[Your objective]:
Retype all of the lines below with no changes.

[Data segment]:
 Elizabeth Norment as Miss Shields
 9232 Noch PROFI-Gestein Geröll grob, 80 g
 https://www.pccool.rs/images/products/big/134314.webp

[Result of this exercise]:
 Elizabeth Norment as Miss Shields
 9232 Noch PROFI-Gestein Geröll grob, 80 g
 https://www.pccool.rs/images/products/big/134314.webp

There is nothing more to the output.